- Born: 1943
- Died: 2022 (aged 78–79)
- Education: University of New South Wales (BA)
- Known for: Landscape painting
- Awards: Medal of the Order of Australia (OAM) (returned in 2021)

= Peter Kingston (artist) =

Australian artist (1943–2022)

Peter Kingston (1943–2022) was an Australian artist and heritage activist, most known for his artworks depicting Sydney Harbour.

==Biography==
Kingston grew up at Parsley Bay during the 1940s and 1950s. He attended the University of New South Wales and graduated with a Bachelor of Arts in 1965. He also tutored architecture at the University of Sydney.

Kingston fought to conserve the Walsh Bay wharves and was among the demonstrators that marched on Parliament in 1966 to demand the return of Jørn Utzon to build the Sydney Opera House.

In 1973, Kingston was commissioned alongside pop artists including Martin Sharp to restore and revitalise Luna Park Sydney. Following Luna Park's closure as a result of the Ghost Train fire, Kingston and Sharp founded the Friends of Luna Park, a group advocating for the conservation of the amusement park. When Luna Park was redeveloped in the early 1990s, Kingston was involved in the restoration of the Coney Island funhouse.

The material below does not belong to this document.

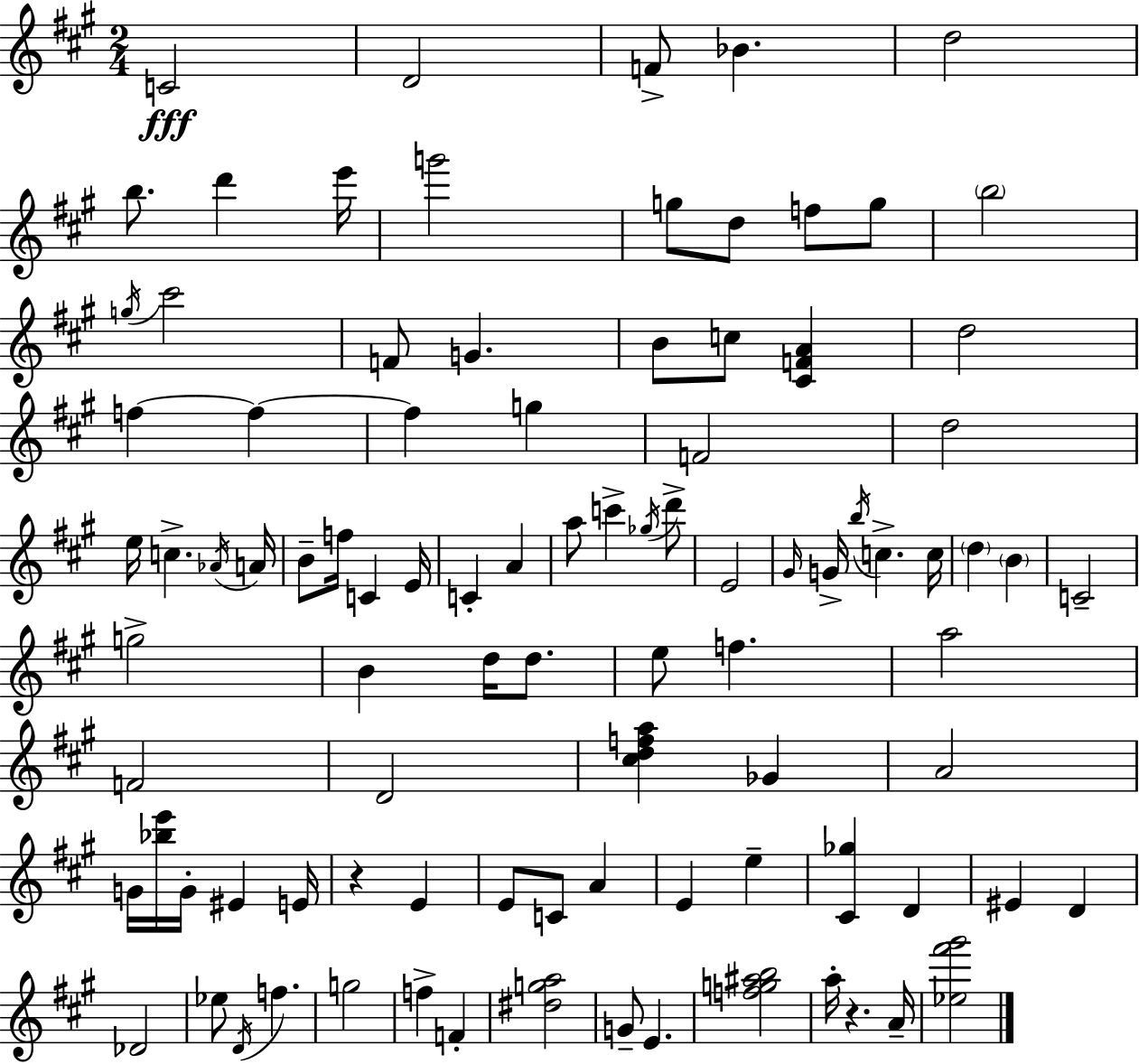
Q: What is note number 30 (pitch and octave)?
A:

In 2013, Kingston was the recipient of the Medal of Australia for his activism and art. He returned the award in 2021 after Margaret Court's receiving of the Companion of the Order of Australia. Kingston stated the move was made in protest of Court's anti-LGBTQ advocacy.

Kingston resided in Lavender Bay for 50 years until his death. Much of his work depicted Sydney Harbour, primarily the view from his home.

Kingston died in September 2022 at the age of 79.